Riflessione, Coscienza e Sforzo sono infatti le qualità che Pessoa riconosce al surhomme, un uomo grande, superiore… l’uomo superiore infatti pensa con maggiore precisione, sente più profondamente, desidera in modo più immediato. È fortemente immaginativo e perspicace, è contemplativo e uomo d’azione … è genio e per questo è anche uomo disadattato, è uomo sofferente, frustrato, è uomo depresso e solo. E seppur tutto ciò rende spesso il genio vicino al folle, il primo mantiene comunque un contatto con l’ambiente, tende a distanziarsi solo dall’ambiente contiguo. Il Pessoa che ritroviamo ne Il libro del genio e della follia ci appare così un uomo che cerca di comprendere il proprio essere asociale, il suo sentirsi “estraneo”, incompreso, il suo essere “altro”, tentando – attraverso brevi saggi introversi – di superare la visione psicanalitica lombrosiana del suo tempo – che mette in relazione genio e follia senza marcarne confini chiari.
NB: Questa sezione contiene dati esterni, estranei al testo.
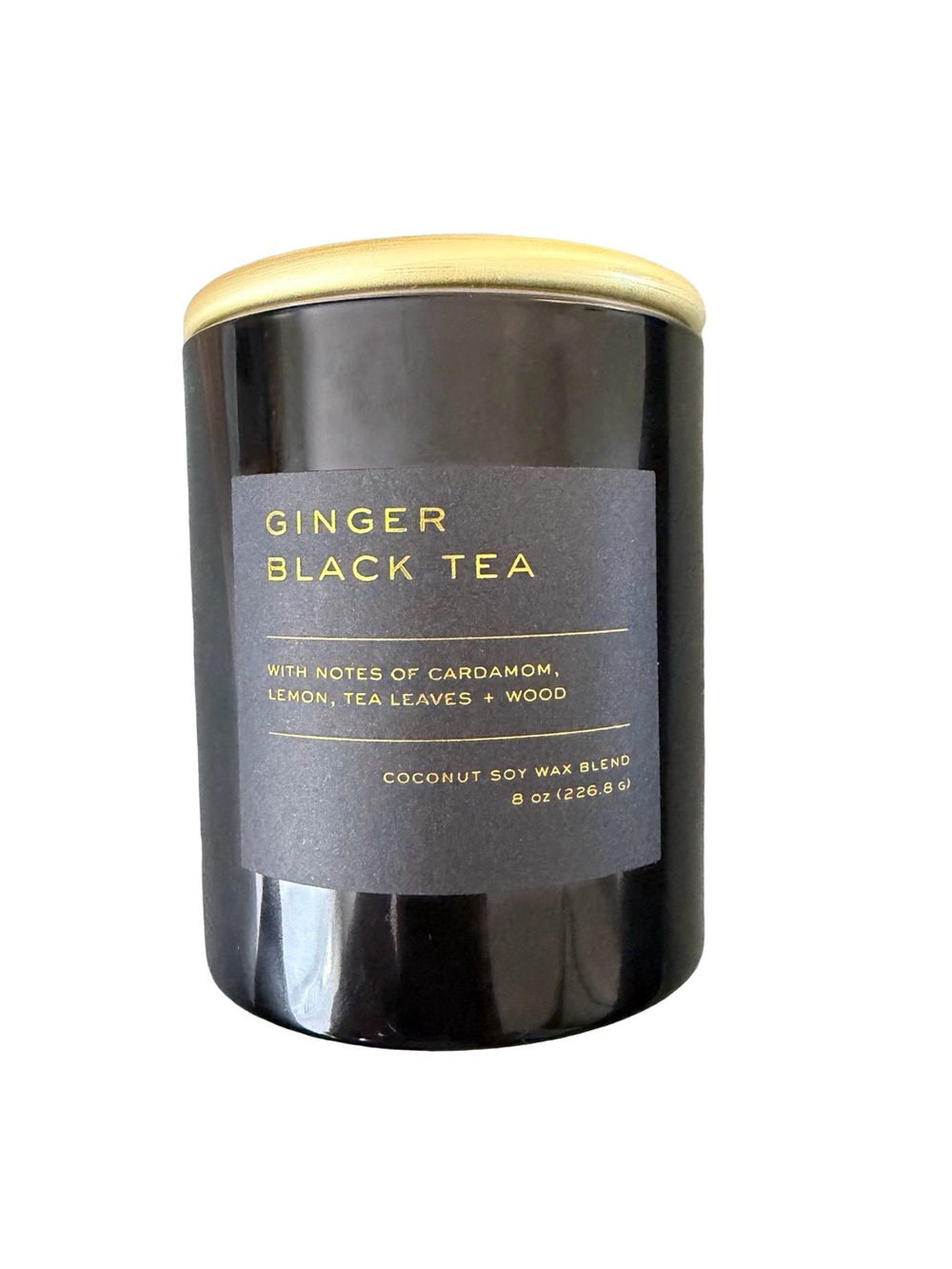 Ginger Black Tea Scented Candle - Black & Gold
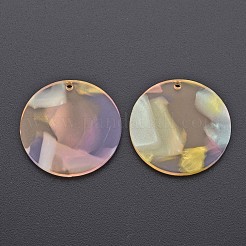 セルロースアセテート（樹脂）ペンダント  フラットラウンド  ゴールド  29.5x2.5mm  穴：1.6mm&nbsp;KY-N015-022-01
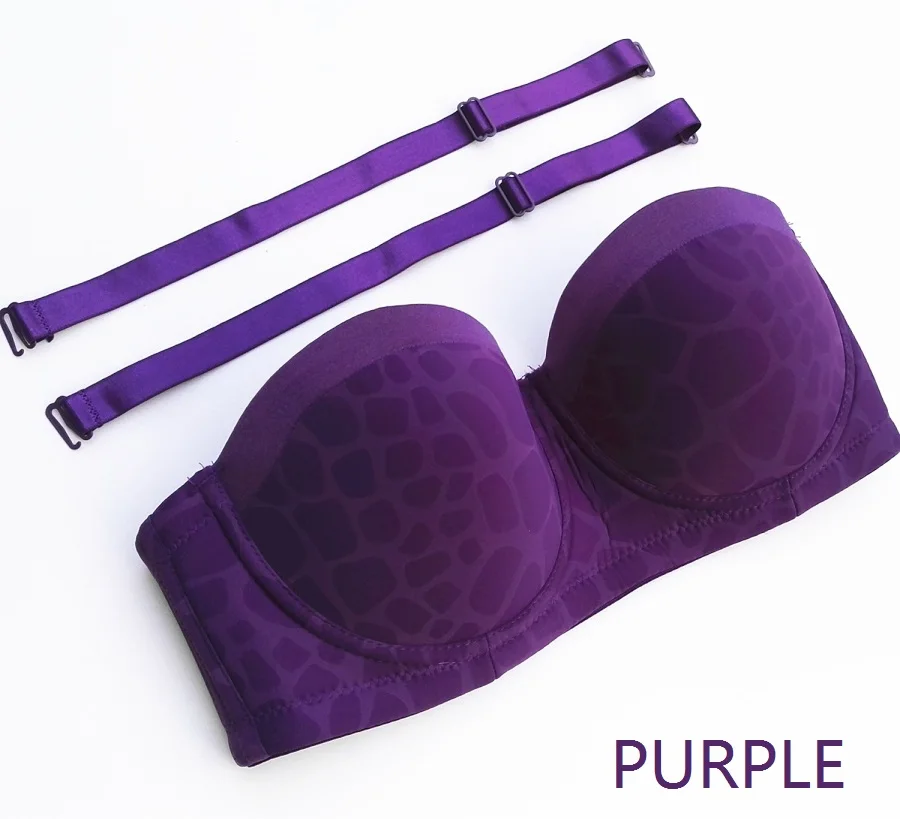 36D-46D Женский Сексуальный Бюстгальтер-балконет с геометрическим принтом без бретелек, половина чашки, на косточках, силиконовый ремешок, многополосный бюстгальтер H918 - Цвет: Purple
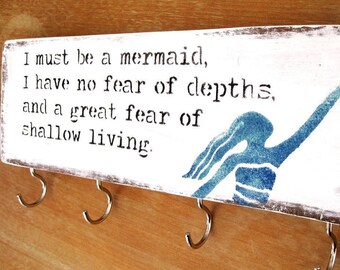 MERMAID Wood Sign, Beach House Decor, Coastal Key Holder for Wall,  Rustic Beach Key Holder, Key Rack, Seaside Decor, Entryway Key Hook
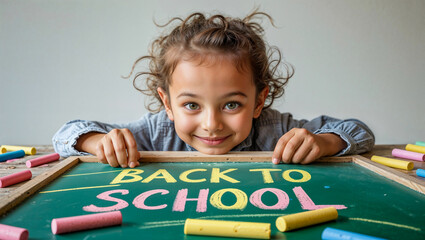 Cheerful young girl peeking over a back to school sign surrounded by colorful stationery and books.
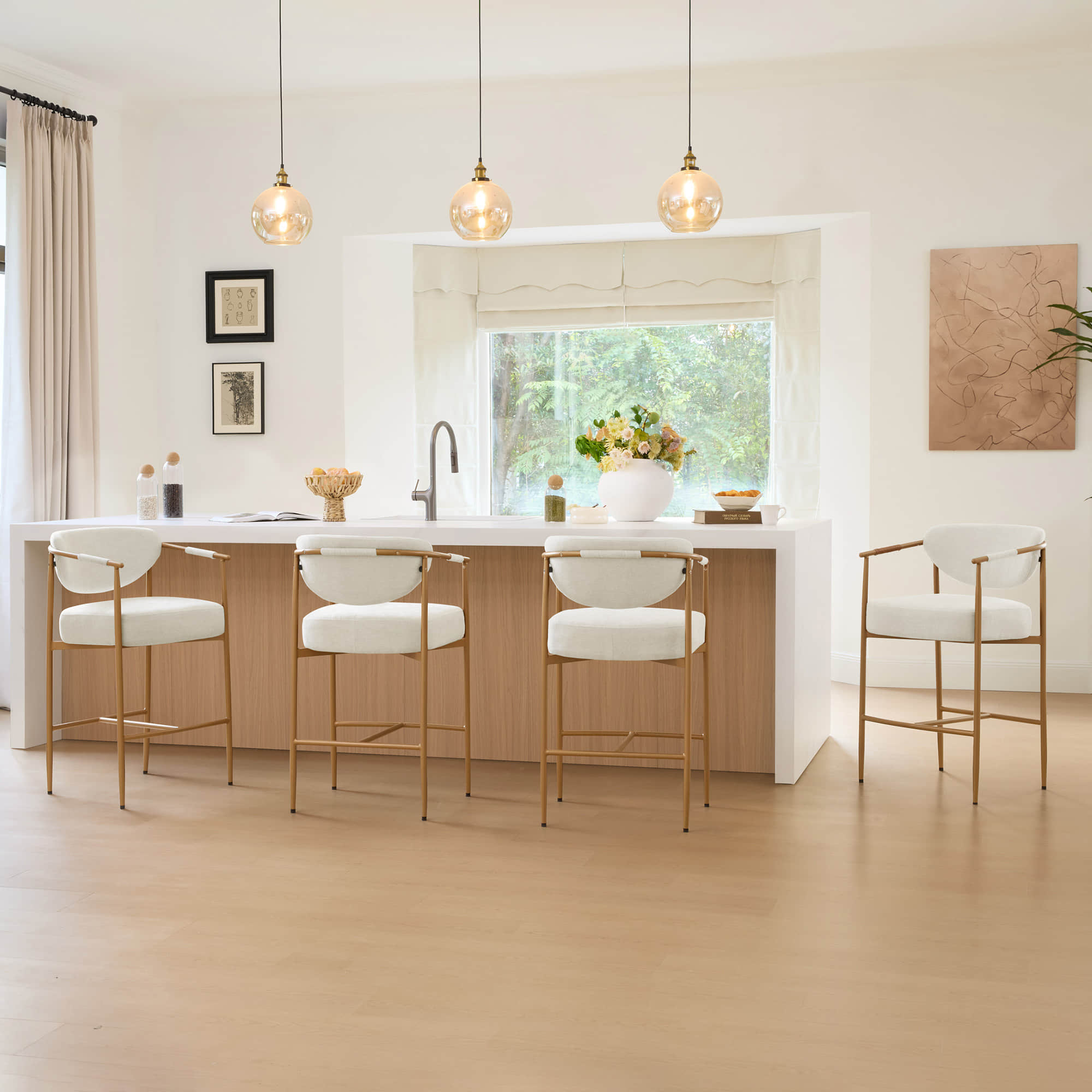 Jade Faux Leather Rope Counter Stool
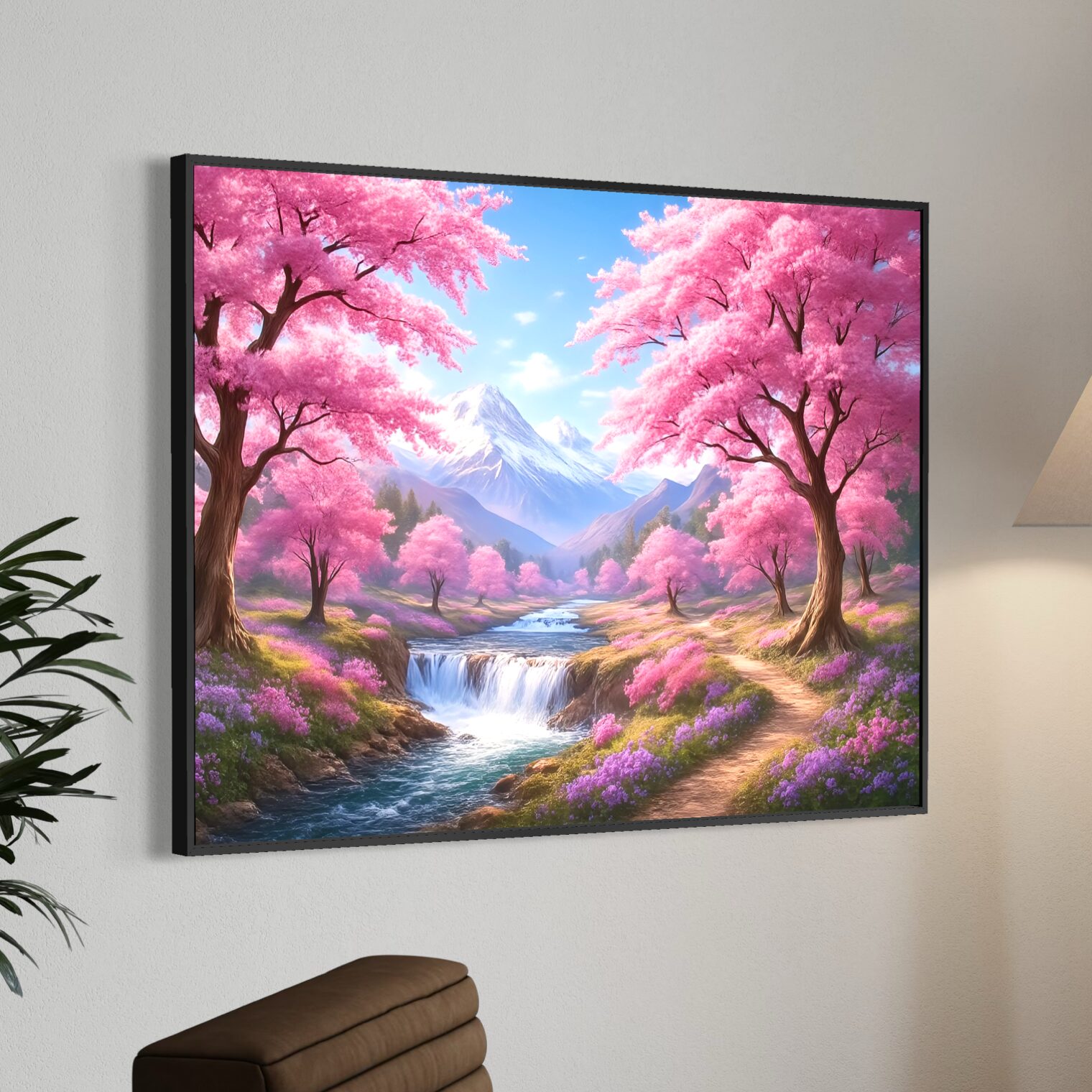 Sentier des Sakura – Tableau Paysage Japonais et Cerisiers en Fleurs | SPEKTRA Tableau Sentier des Sakura encadré représentant un paysage japonais avec cerisiers en fleurs, cascade, rivière et montagnes enneigées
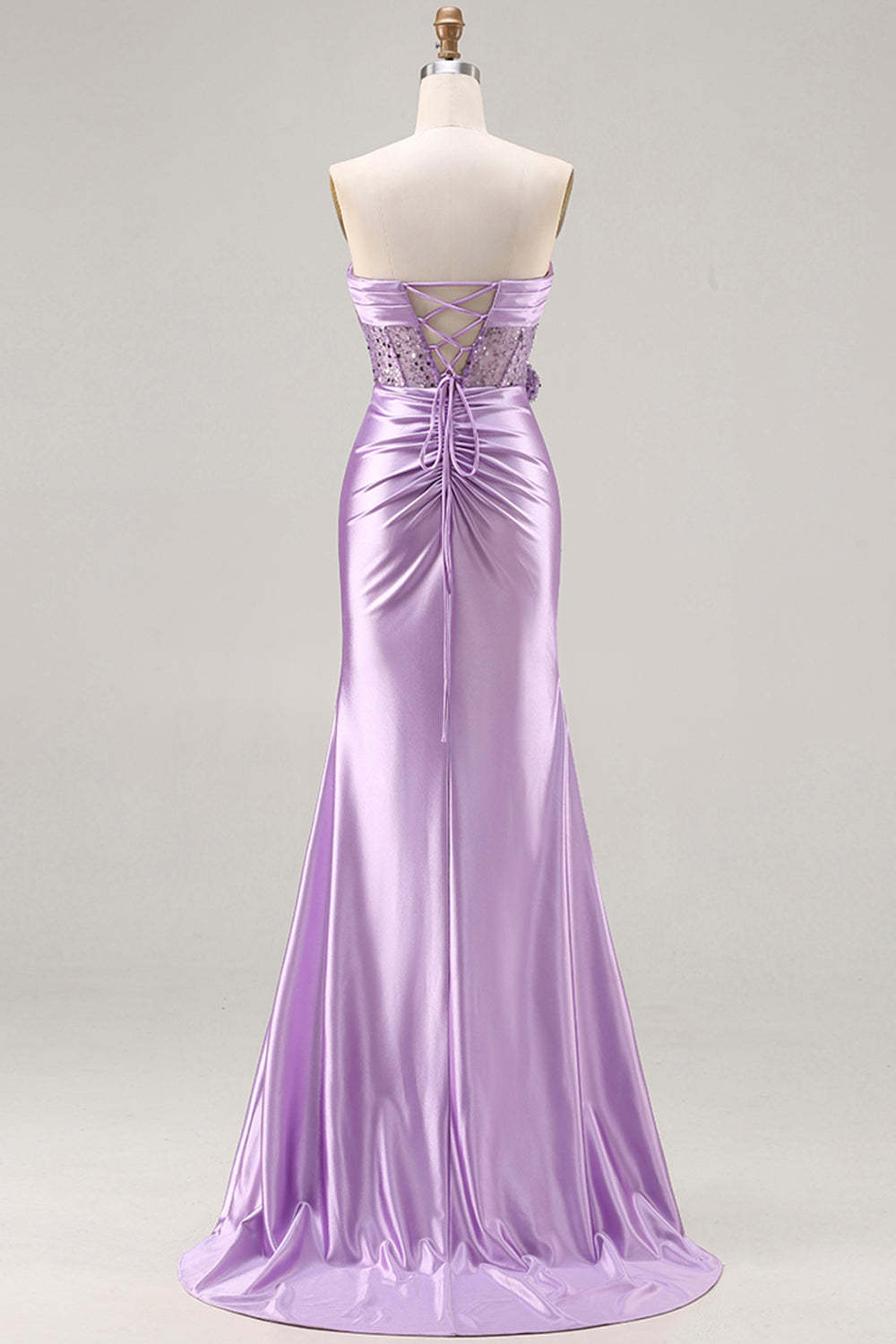 Sparkly Purple Mermaid Satin Long Corset Prom Dress with Slit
Quello di Pessoa può sembrarci così apparentemente un monologo, se si vuole un vaniloquio, un delirio: in realtà è un dialogo incerto, un dialogo con interlocutori inesistenti, in certi casi una conversazione mancata.

Nella sua paranoia di poeta che odia lo sguardo altrui e si rifugia nella solitudine di una scrittura occultata, con la sua metafora dell’espelho partido (lo specchio infranto), egli usa l’eteronomia come modo di vedersi e di vedere il mondo. Dunque è questo il terreno in cui si muove Pessoa. Un soggetto che patisce tra genialità e follia – follia come esperienza di spersonalizzazione (Barthes, 2010) – la propria precarietà, il proprio non-senso, la propria sostanza imperfetta. E seppure l’immaginazione letteraria suppone che altri siano noi e che debbano sentire come noi, ogni uomo è soltanto chi è e “al genio è concesso soltanto di essere qualche persona in più” (Pessoa, 2011).

 


 

LETTURE

  Barthes Roland, Dove lei non è, Einaudi, Torino, 2010.
  Bove Emmanuel, La coalizione, Lavieri Edizioni, S. Angelo in Formis, 2011.
 Galimberti Umberto, Eros e Psiche, Albo Versorio, Milano, 2012.
 Platone, Fedro, Bompiani, Milano, 2000.
  Pessoa Fernando, Il libro dell’inquietudine di Bernardo Soares, Feltrinelli, Milano, 2011.